"O Pequeno Príncipe" na versão de Stanley Donen

O PEQUENO PRÍNCIPE NA VERSÃO DE STANLEY DONEN
Miguel Carqueija

Resenha do filme “O Pequeno Príncipe” (The Littler Prince), produzido e dirigido por Stanley Donen (Inglaterra, EUA, 1974). Adaptação do livro “Le Petit Prince”, de Antoine de Saint-Exupèry. Coreografia: Bob Fosse. Fotografia: Christopher Challis. Roteiro e canções: Alan Jay Lerner. Música: Frederick Loewe.
Elenco:
O Pequeno Príncipe.............................Steven Warner
O Aviador.............................................Richard Kiley
Rei........................................................Joss Ackland
Homem de Negócios............................Clive Revill
Historiador...........................................Victor Spinetti
General................................................Graham Crowden
Rosa.....................................................Donna Mc Kechnie
Cobra...................................................Bob Fosse
Raposa.................................................Gene Wilder

Decididamente, este filme é uma grande decepção! A obra original, a célebre fantasia escrita pelo aviador francês Antoine de Saint-Exupèry (1943, um ano antes de seu desaparecimento nas areias do Saara — o que confere uma qualidade arrepiante ao livro profético) não é apenas uma obra-prima: é um dos livros do século XX, comparável a “1984” de George Orwell, “Arquipélago Gulag” de Soljenítsin, “Grande sertão: veredas” de Guimarães Rosa, “Cidade” de Clifford D. Simak, “Deuses, túmulos e sábios” de C.W. Ceram e outros. Infelizmente teve de ser filmado por um produtor de mão pesada como Stanley Donen, responsável por abacaxis tipo “Sete noivas para sete irmãos” e “Cantando na chuva”.
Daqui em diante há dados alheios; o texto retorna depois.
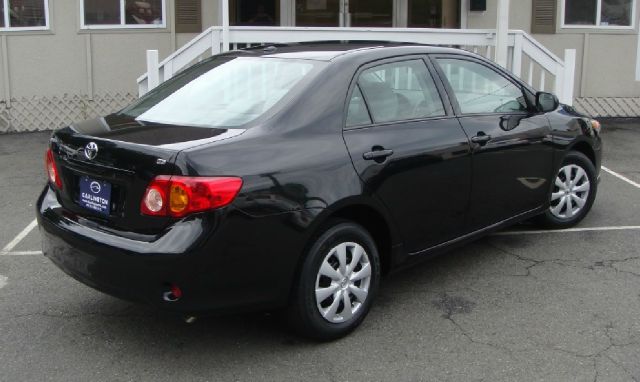 2010 Toyota Corolla Supercab Flareside XL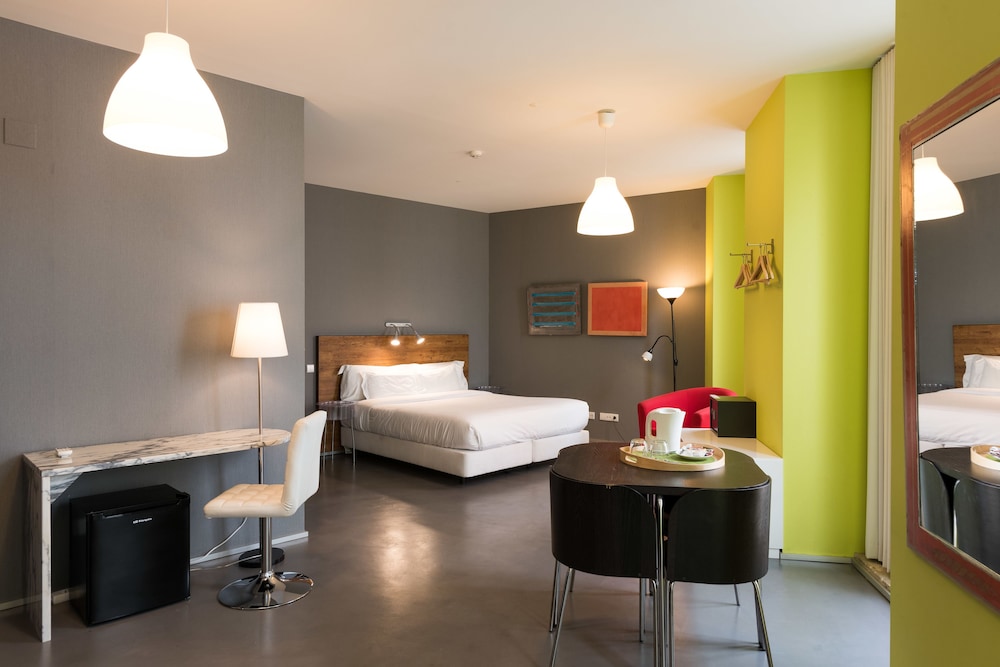 Alfama Lisbon Lounge Suites 16/50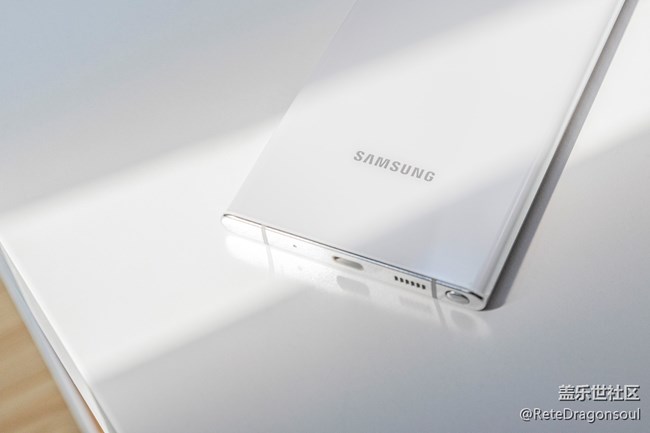 低調(diào)且精致的旗艦 Galaxy Note20 Ultra初露白美圖賞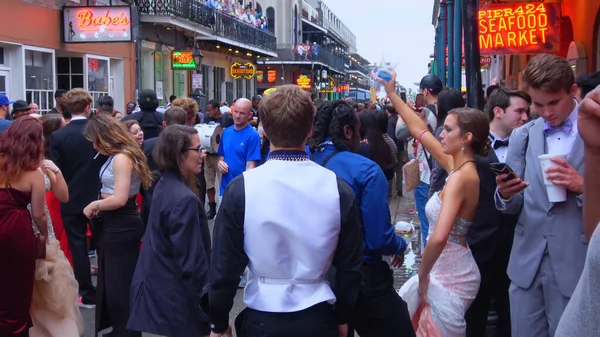 The famous Bourbon Street French Quarter New Orleans - NEW ORLEANS, Verenigde Staten - APRIL 17, 2016 - reizen fotografie — Stockfoto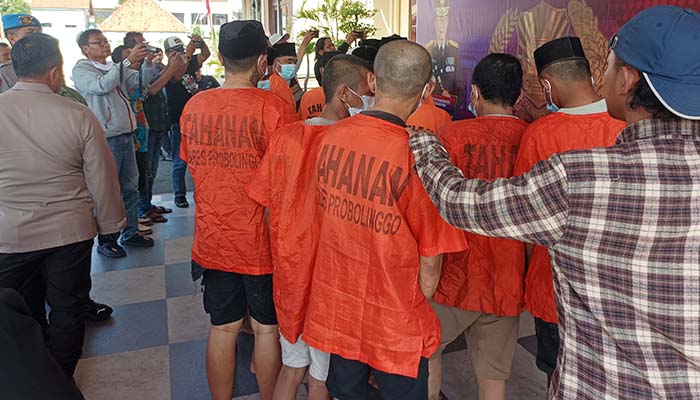 TERSANGKA: Sebanyak 19 tersangka kasus narkotika di keler saat pers rilis di Mapolres Probolinggo, Jumat (8/8) sore.
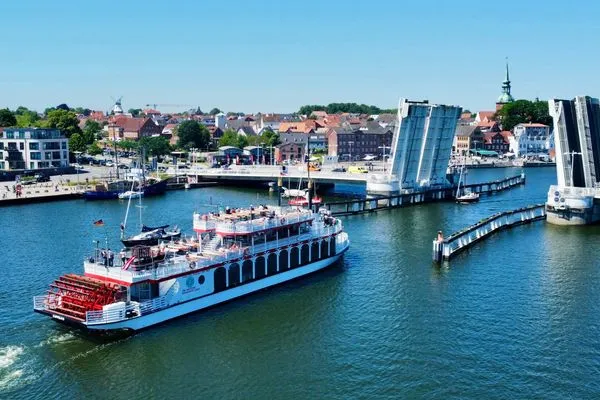 Strand  Grüne Wiese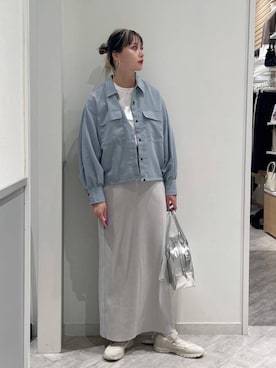 「アイテム（ボストンバッグ、グレー系）」を使った、まるこさん（レディース・156cm）の春コーディネート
Talvez seja exagero dizer que ele assassinou a obra de Saint-Exupèry, porque restaram algumas cenas bonitas, mas entre elas não se inclui decididamente a farra no oásis, que parece ir contra a dignidade do personagem, o misterioso menino alienígena. De resto, há inúmeras deturpações. Por exemplo, quando sai do asteroide B-612, aborrecido com sua rosa, o principezinho sem nome (como de resto o aviador também não tem nome) visita uma série de asteroides. No livro são asteroides habitados respectivamente por um rei, um vaidoso, um bêbado, um homem de negócios, um geógrafo e um acendedor de lampião. Este último, o mais interessante (obrigado por um regulamento que não mudava a acender ou apagar o lampião a cada minuto, para acompanhar o rápido girar do astro, pois o dia tinha a duração de um minuto) foi descartado, assim como o bêbado, o geógrafo e o vaidoso. Restaram o rei e o homem de negócios e inventaram um general e um historiador. As cenas com lentes convexas, como se passando dentro dos asteroides, ficaram horríveis. Pior, sem os mesmos diálogos do livro, de alcance filosófico e satírico, as visitas perderam o sentido e são rápidas demais.
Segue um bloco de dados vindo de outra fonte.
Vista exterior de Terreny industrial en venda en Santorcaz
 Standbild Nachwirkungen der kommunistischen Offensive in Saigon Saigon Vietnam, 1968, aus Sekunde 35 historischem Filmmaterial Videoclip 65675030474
Outro problema é o caráter musical da película. Não me parece que a obra original combine com musicais, e os números, servidos por melodias e letras ruins, são chatos e insossos como costumam ser os musicais norte-americanos, apesar deste ser co-produção inglesa.
Outro detalhe horroroso é a humanização de personagens animais (a cobra e a raposa) e até da rosa, com uma mulher dentro da flor.
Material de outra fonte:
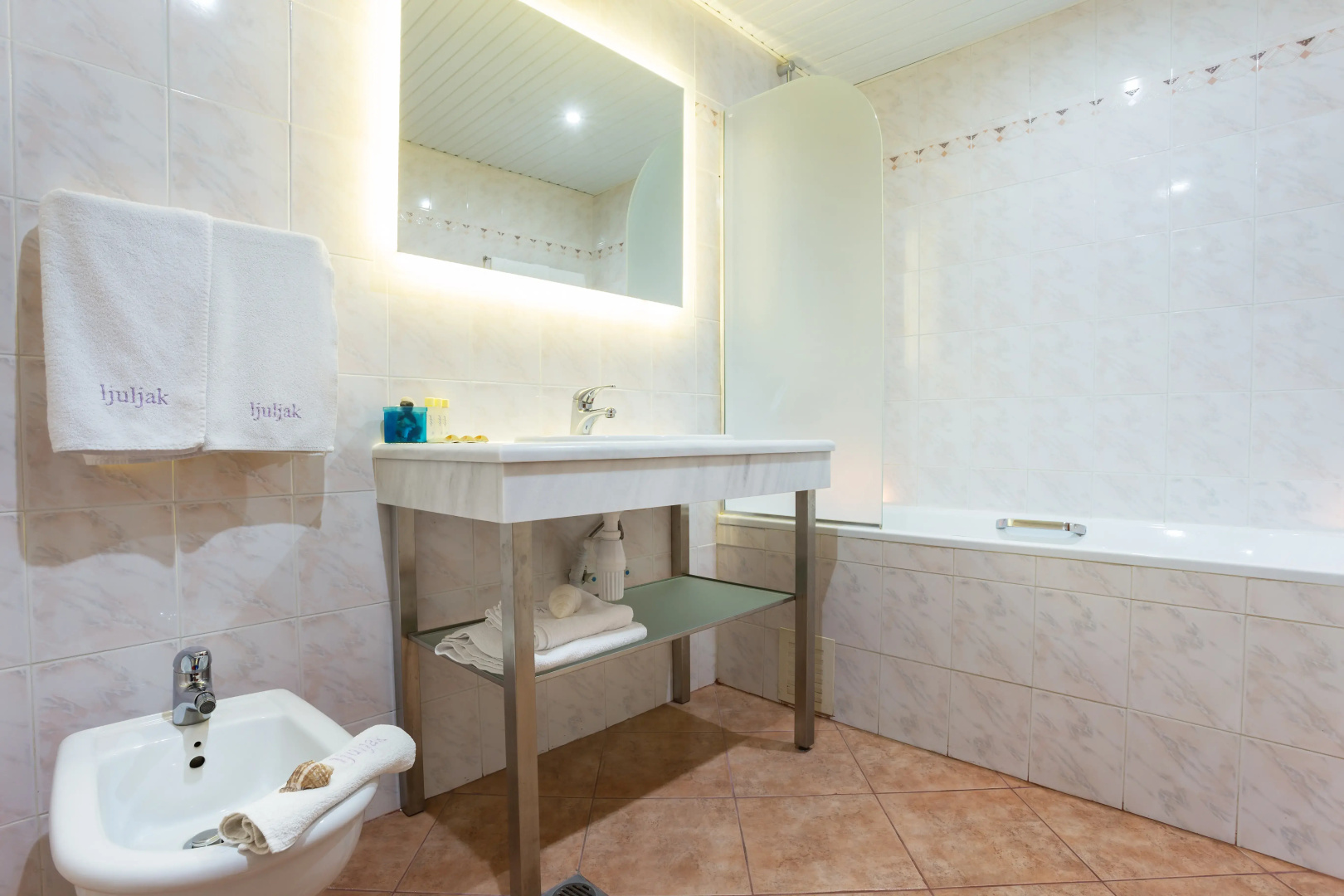 Photo - Ljuljak Hotel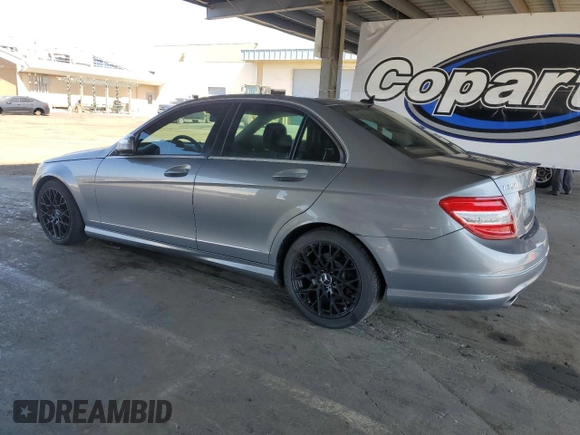 2008 Mercedes-Benz C 350 Sport z VIN WDDGF56X98F167972, wystawiony jako Copart lot #65090845 z przebiegiem 115 433 mil mil oraz Szkoda całkowita • Salvage title. Historia ofert i sprzedaży dostępna na DreamBid. Obrazek 2.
No fundo todo o sentido espiritual de “Le Petit Prince’ foi praticamente esvaziado. No Brasil a tradução original foi elaborada por Dom Marcos Barbosa, o monge poeta, e é sabido que o personagem vem a ser uma metáfora de Jesus Cristo. De tudo isso, a não ser a sugestão de morte redentora e ressurreição com o desaparecimento do corpo, quase não se pode perceber num filme tão precário.
O ideal seria uma longa-metragem em animação.
O ator-mirim, Steven Warner, só trabalhou nesta obra. Pena, ele fez bem o seu trabalho. Os astros-mirins costumam ter carreira curta, às vezes mesmo de um só trabalho como neste caso.

Rio de Janeiro, 2 de fevereiro de 2019.